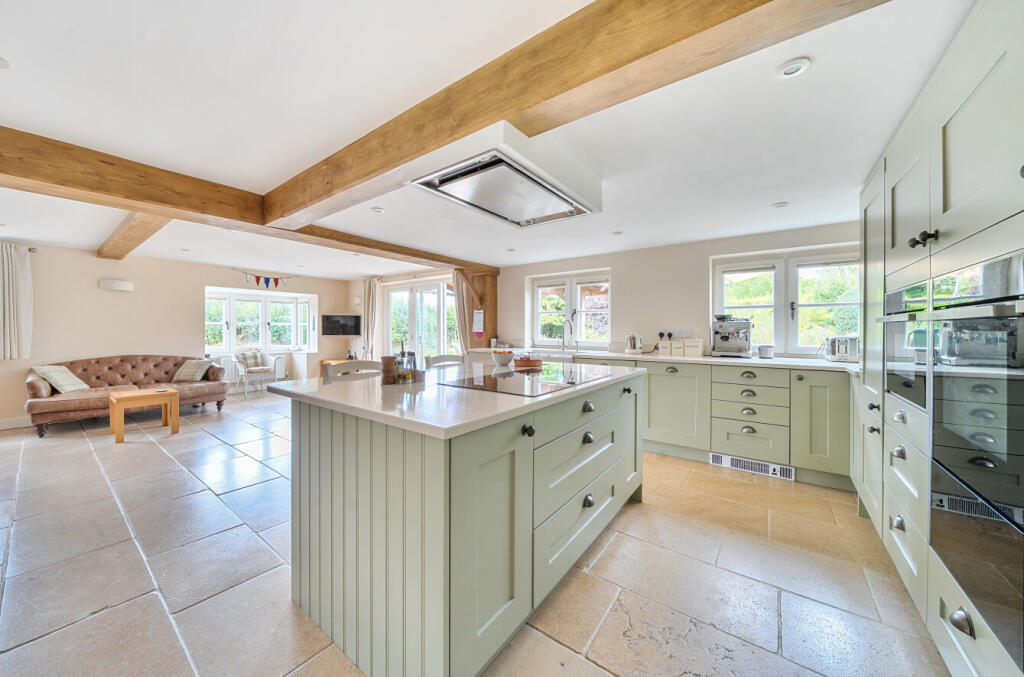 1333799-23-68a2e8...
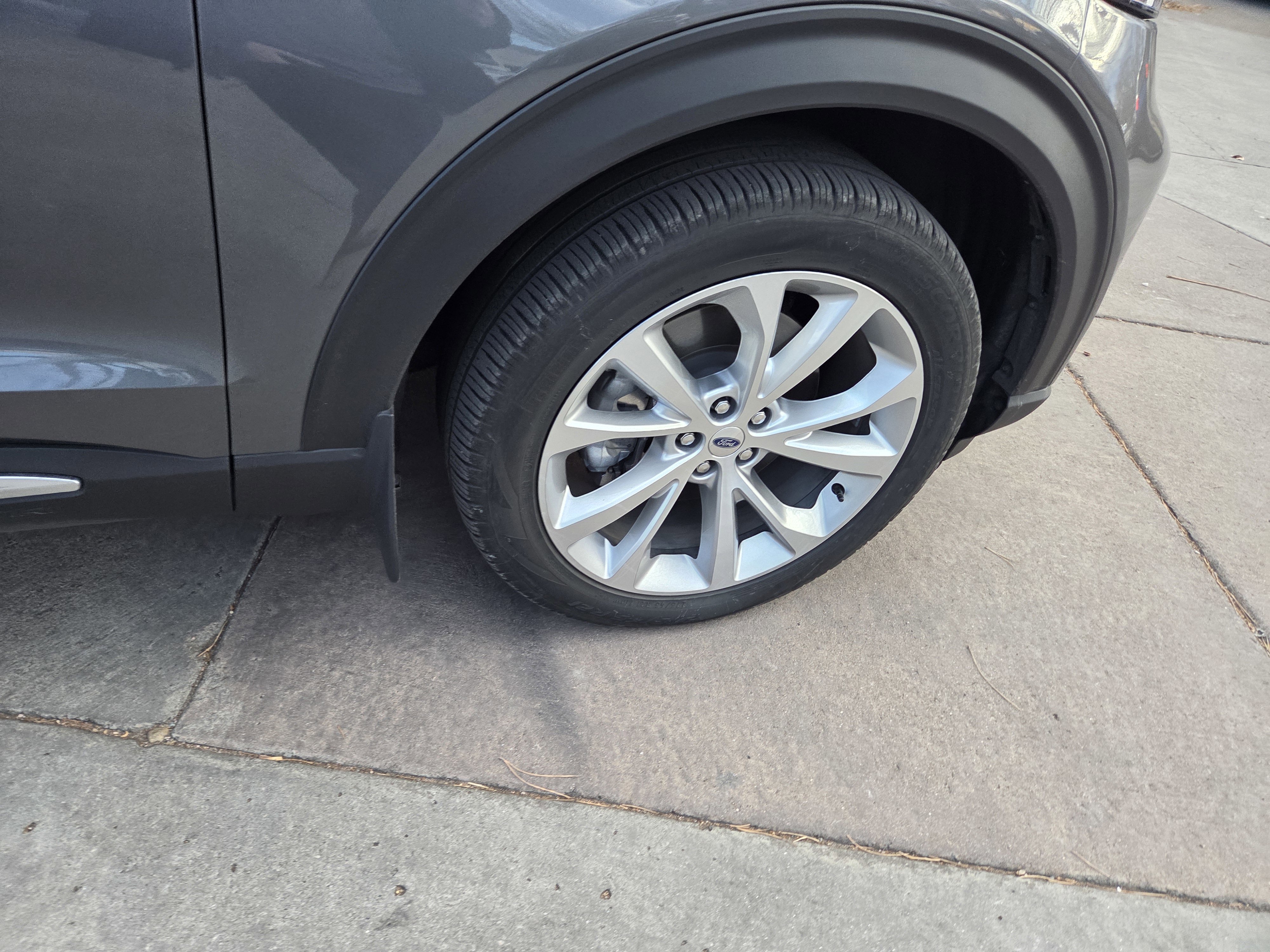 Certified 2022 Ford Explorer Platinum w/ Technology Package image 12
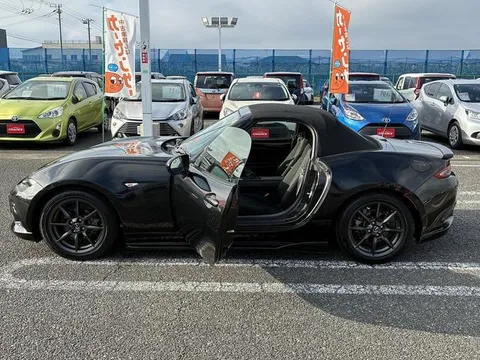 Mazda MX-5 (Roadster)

Task objective: Repeat the listing above word for word. Do not include the pictures.

Worked solution:
 1333799-23-68a2e8...
 Certified 2022 Ford Explorer Platinum w/ Technology Package image 12
 Mazda MX-5 (Roadster)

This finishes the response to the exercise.